What we have learned since the budget announcements – the Aecom study etc.
- The Expressway – timetable now clearer, corridor B chosen, whether North or South Oxford – specific route consultation on options next year.
- East-West Rail, consultation on route options for central section (Bedford to Cambridge) early next year, will this be integrated with consideration of potential new Settlement locations in the assessment/SEA. CBA – of course not that would be far too much like good practice or common sense to be considered.
- Oxfordshire- launch of JSP process in January.
- South Oxfordshire – now about to agree local plan (last in Oxon – which includes GB sites around Oxford). That deals with growth to 2035 ius – now that is ‘agreed’ JSP can begin to look at longer term options.
- The 1 million chancellors target is out of date – as then the arc didn’t include South Bucks or North Northants – both are now in. The Budget documents didn’t mention a housing target.
- There are submissions to the Garden Communities proposal – but they are small. Nationally only add up to half a million, average 5,000 each. No sign of the large settlements of 50,000+ favoured by Homes England, no way forward suggested of how these will come about other than through JSPs.

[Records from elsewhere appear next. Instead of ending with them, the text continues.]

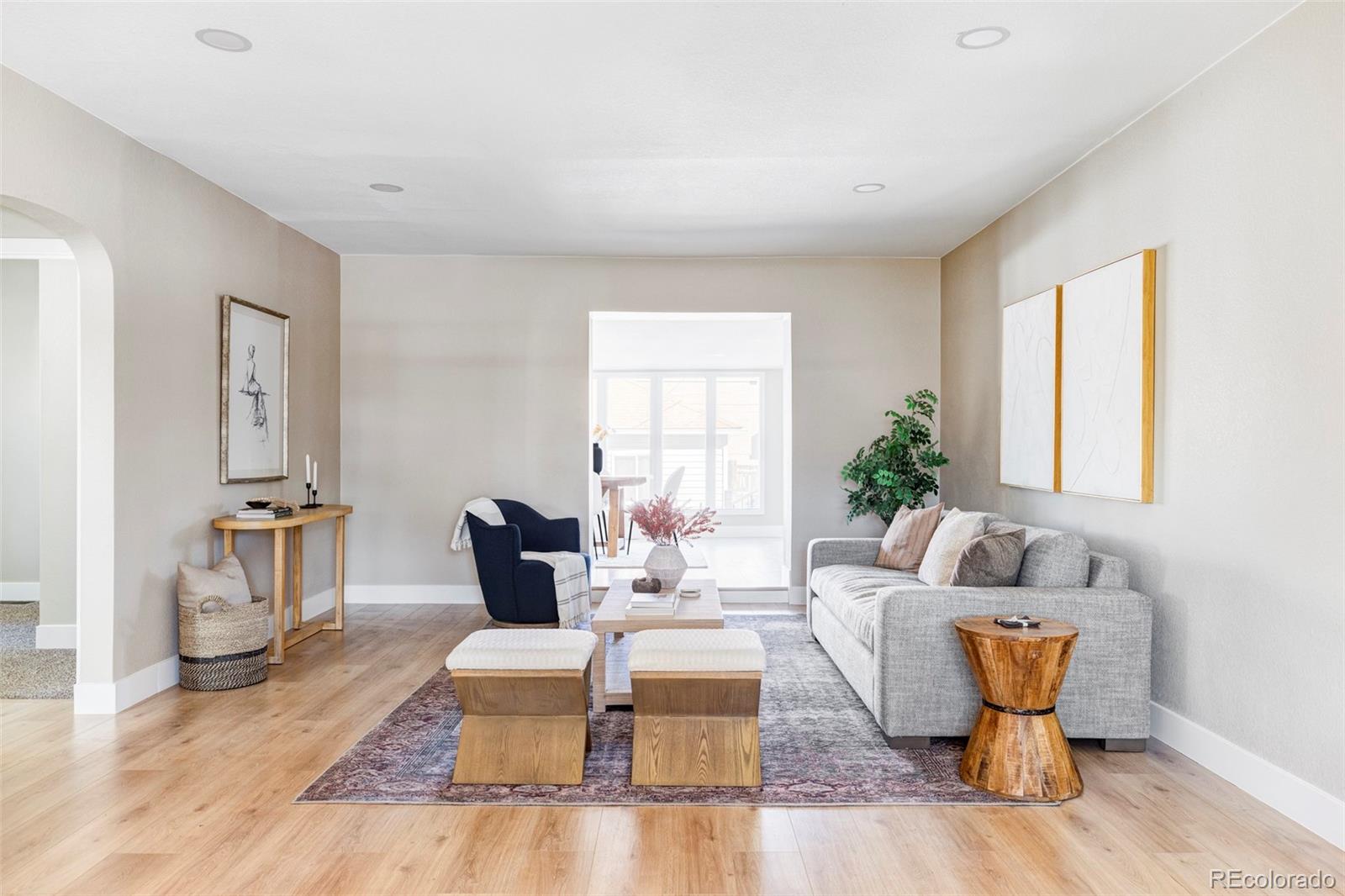 2204 Kendall Street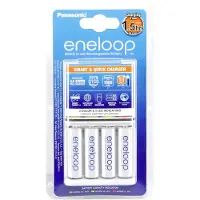 Eneloop Panasonicin laturi BQ-CC55 (sis. 4x eneloop pro AA-paristoa)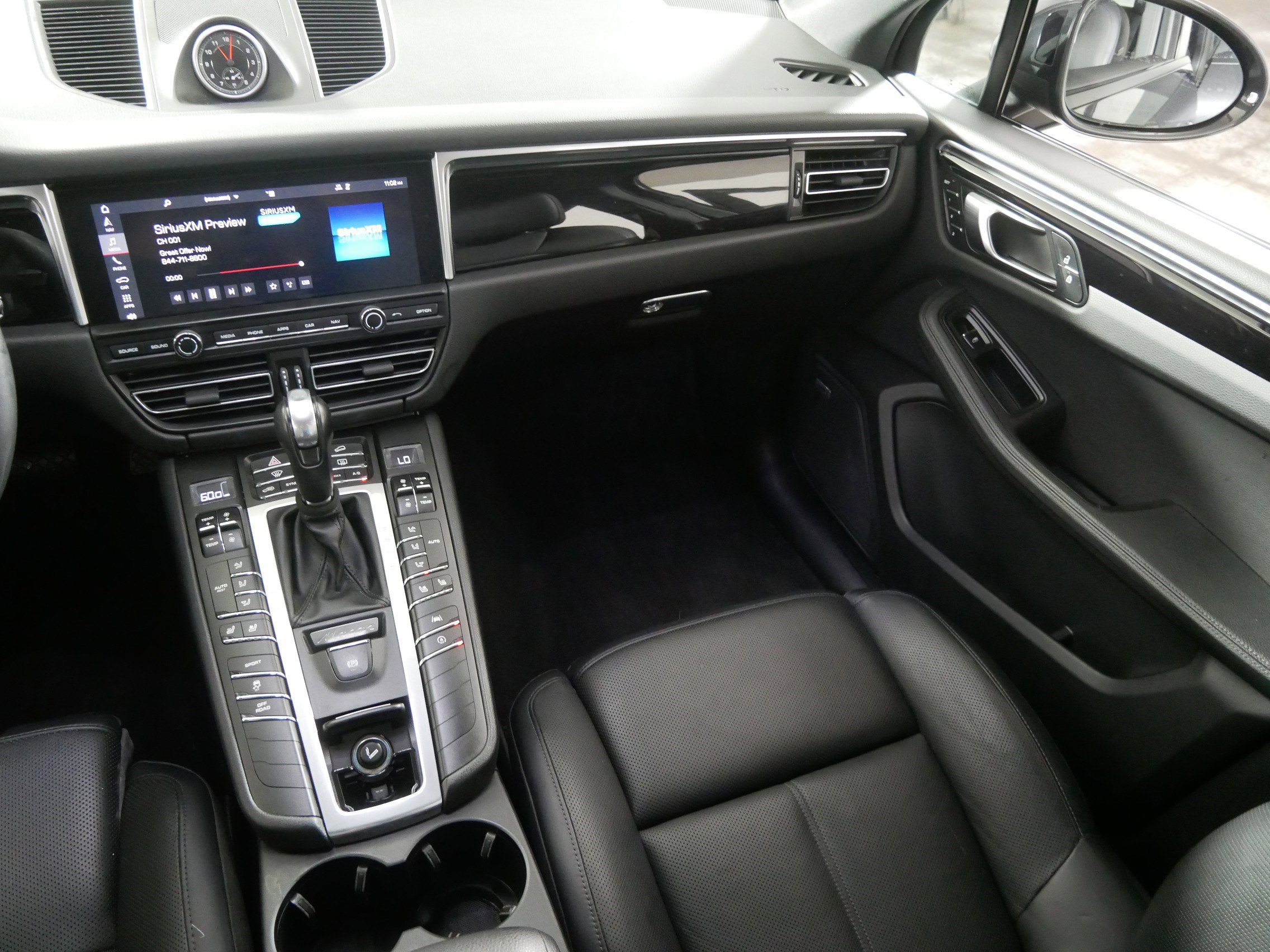 Used 2019 Porsche Macan image 11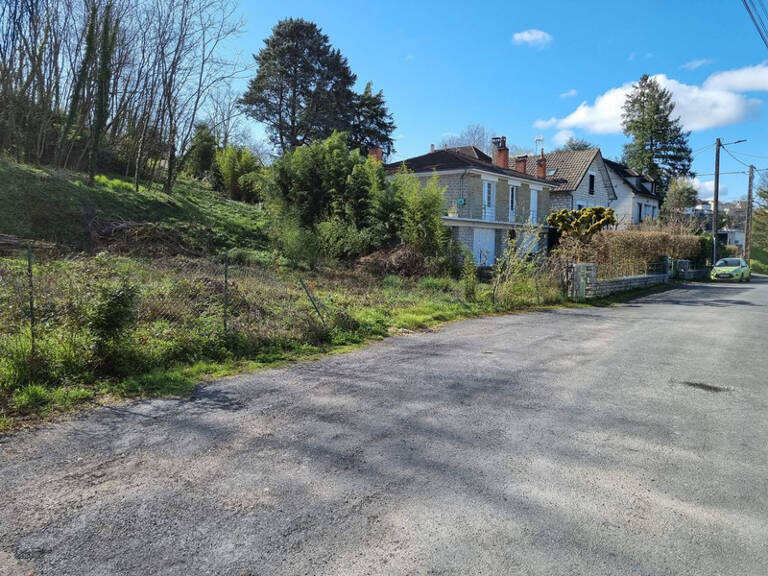 Brive la gaillarde - Proche centre ville - Terrain Constructible — photo 1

- Cambridgeshire is stalling. Crazy combined authority events are slowing everything as the post 2035 JSP wont conclude until the infrastructure plan till 2035 is agreed, and James Palmer v Cambridge/South Cambs has become a soap opera. He ran against a busway, is now in favour of a busway with tunnels (no budget for tunnels and sacked the finance director for saying that) and complains against Greater Cambridge Partnership for saying that as he is now backing a busway lets build a busway to Cambourne. yes its that petty and silly. The leader in the Arc is now the laggard.
- Northamptonshire – broke – going to two unitaries. So nothing happening strategic wise, consumes everything
- Bucks – going to one Unitary – which makes it interesting as any plan will now have to consider the 15,000 overspill from Slough and the Western edge of Heathrow
- Milton Keynes – announcement on expansion to 400k delayed after intervention from local mps. They seem to have an ambition to grow to 500k also which seems just to be a number plucked from mid air
- Central Beds – got there submission in which if adopted will give them 5 years under the HDT. What incentive do they now have to contribute to teh ARC wider aspirations and SOAN – none. Good example of lack of joined up government thinking.
- Heart of England – the real driver and leagues above any similar partnership in England.
So lets sum this up, joint planning by sector is none existent or now dysfunctional everywhere in the Arc except Oxfordshire – who would have predicted that two years ago when peace breaking out in Oxfordshire would have been as likely as an Iran-Saudi Arabia friendship agreement. Four key roadblocks now to progress:
- Strategic Infrastructure corridors disjointed from strategic planning
- Local Government is unstable – unstable local government cannot plan
- Combined Authority – introduction was a big step backwards disrupting joint working in South Cambridgeshire that was at last working well.
- No real incentive for anyone to put forward large new Garden Communities to meet larger than local need.